Table 1. The three evaluated methods for 6D object pose estimation from RGB input and their experimentally determined traits.

2. Related Work

Before the explosion of the DNN based techniques, the 6-DoF object pose estimation literature was dominated by feature and template matching methods. More recently, the paradigm shifted to learning based methods and specifically to DNNs. In this section, we focus on methods that use monocular RGB input to perform instance-level 6-DoF object pose estimation. For a deeper analysis and comparison of methods using different input modalities the reader is referred to extensive reviews on the problem (Hodaň et al., 2016; Hodan et al., 2018; Sahin et al., 2020).

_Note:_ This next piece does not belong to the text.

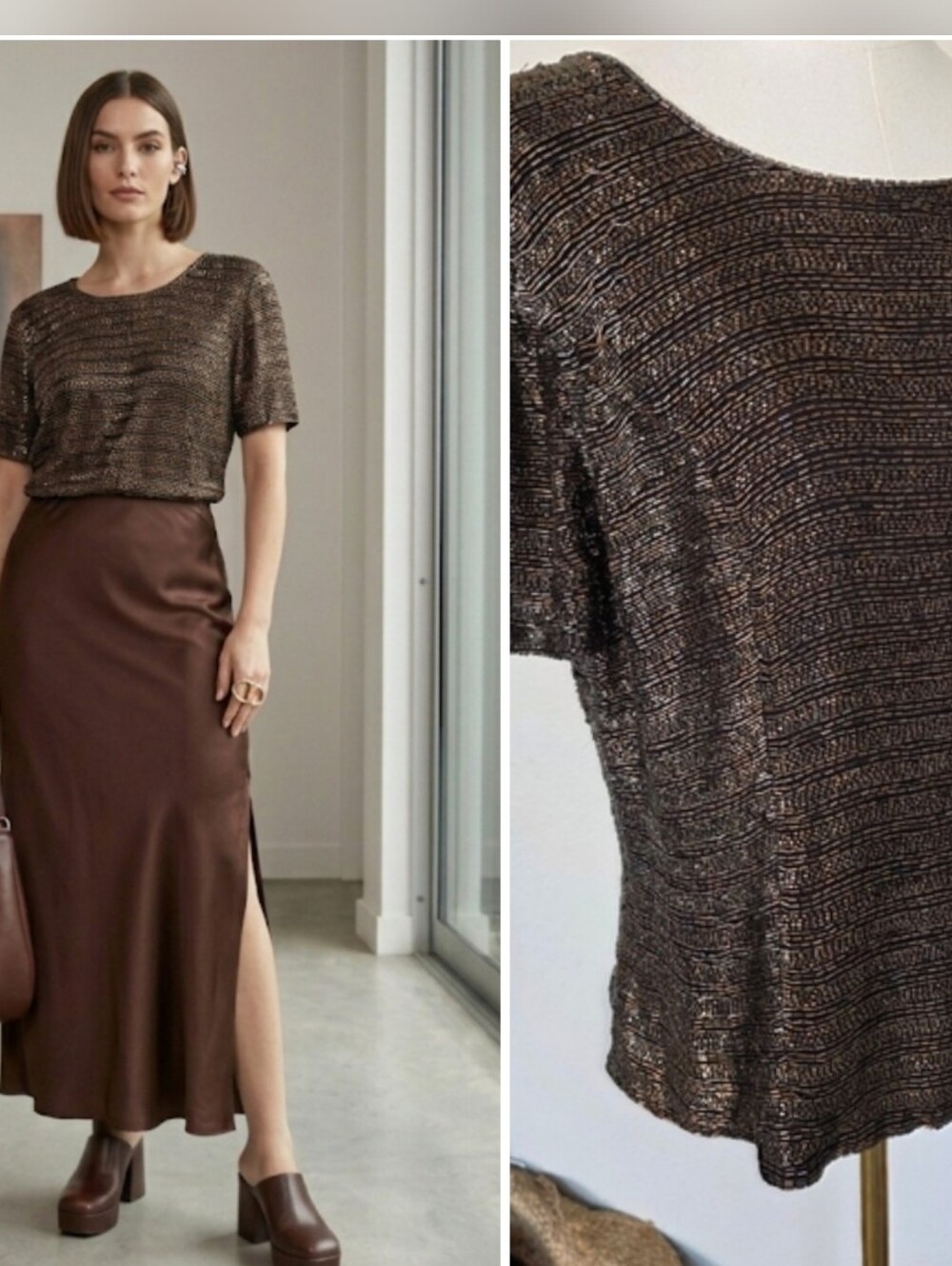 VTG Oleg Cassini Beaded Bronze Metallic Silk Top NWT Size  L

Feature/Template Matching Methods: These methods use hand-crafted features and descriptors and template matching. Generally, they operate in two phases: (i) In the training phase, features are extracted from the training images and a database of templates is generated offline, (ii) in the inference phase, features from an input image are extracted and a template matching method is used to identify objects and compute pose. The Posest method of Lourakis and Zabulis (2013) creates a sparse 3D model of each learned object during an offline step using robust local features (Lowe, 1999; Bay et al., 2006; Rublee et al., 2011). These sparse object models are used as a database to retrieve and refine the actual object pose. Payet et al. (Payet and Todorovic, 2011) introduced a Bag of Boundaries representation for their learned objects database, while Tjaden (Tjaden et al., 2017) proposed the use of temporally consistent local color (TCLC) histograms and demonstrated robust results. RAPID-LR (Muñoz et al., 2016) is using a combination of edge matching and HOG descriptors for template matching. Template matching methods do not scale well as the number of objects and their complexity increases. To solve this problem Konishi et al. (2016) proposed the use of hierarchical pose trees (HPT) in their work focusing on pose estimation of texture-less and reflective objects.

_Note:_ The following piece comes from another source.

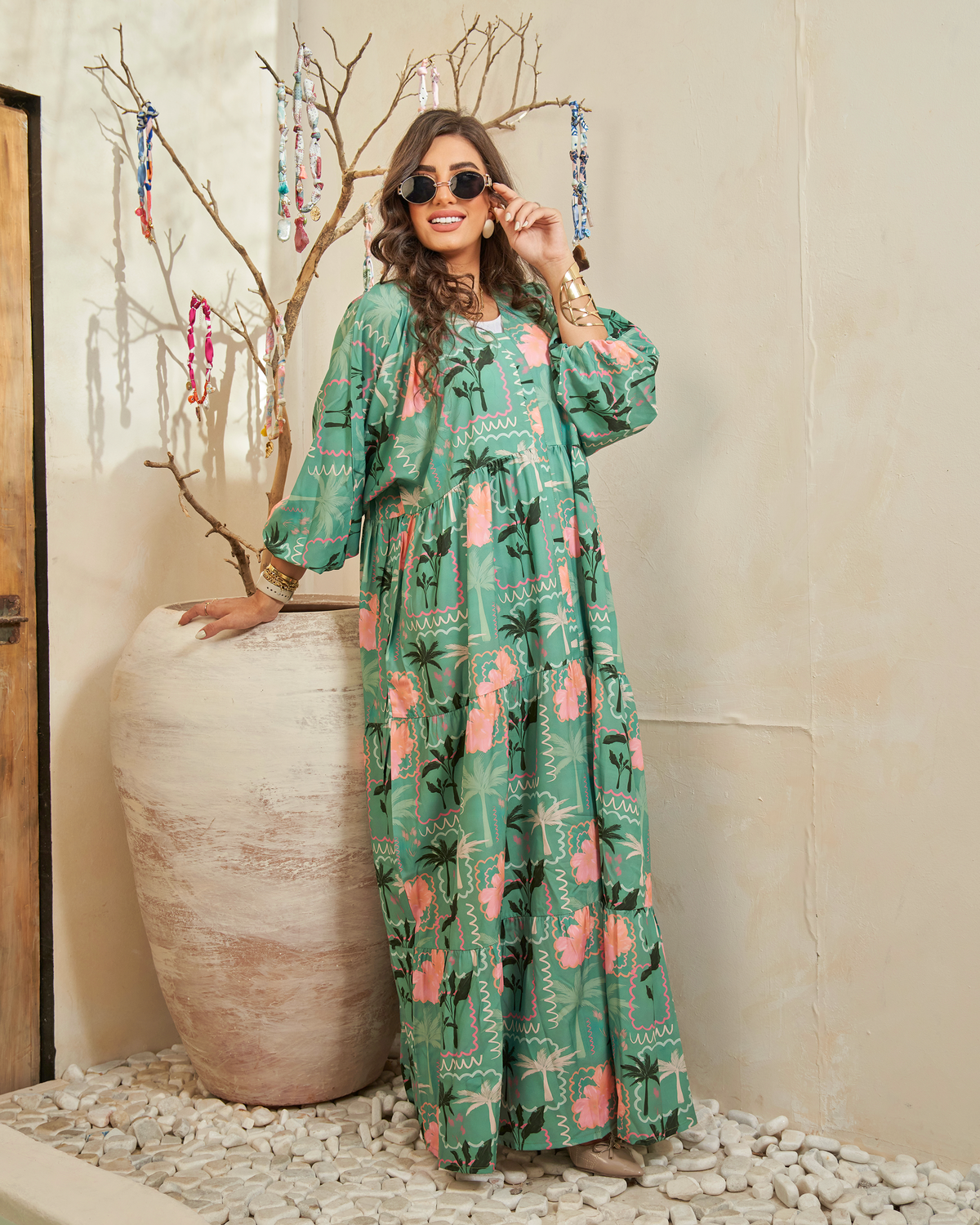 Emerald Bloom Jalabiya Dress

Learning Based Methods: These techniques automatically learn the statistics of the objects in a training set. The trained system predicts an intermediate representation that is post-processed to recover the object pose.

Brachmann et al. (2016) proposes a joint classification-regression random forest that predicts object labels and 3D coordinates. In subsequent stages, these predictions are refined using RANSAC and PnP.

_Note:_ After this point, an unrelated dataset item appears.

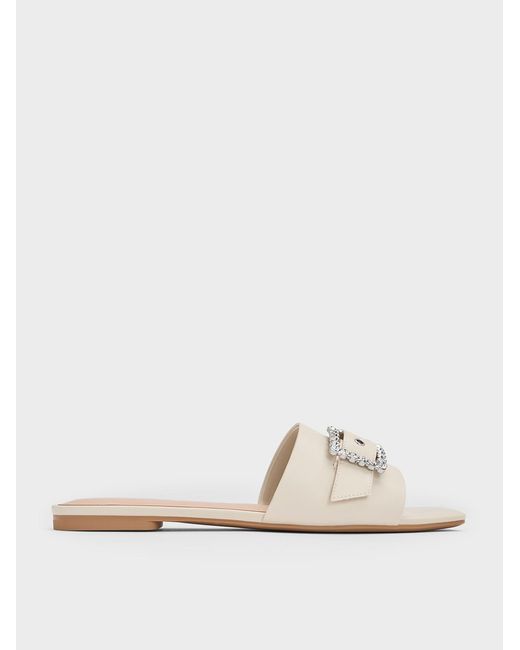 Charles & Keith White Gem Slide Sandals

CDPN (Li et al., 2019) uses a detector as a first stage to detect the object in the image. On the second stage the proposed Coordinates-based Disentangled Pose Network splits the computation into two paths: The first regresses the object translation, the second regresses 3D coordinates for all object pixels and uses PnP to compute the object rotation. Pix2Pose (Park et al., 2019) also uses a multi stage architecture with a detector in the first stage. Once the object class and 2D bounding box is found, the image crop is fed into a network trained to regress 3D coordinates for each object pixel. The method uses one such network for each class. The full 6D pose is recovered using PnP in a RANSAC scheme.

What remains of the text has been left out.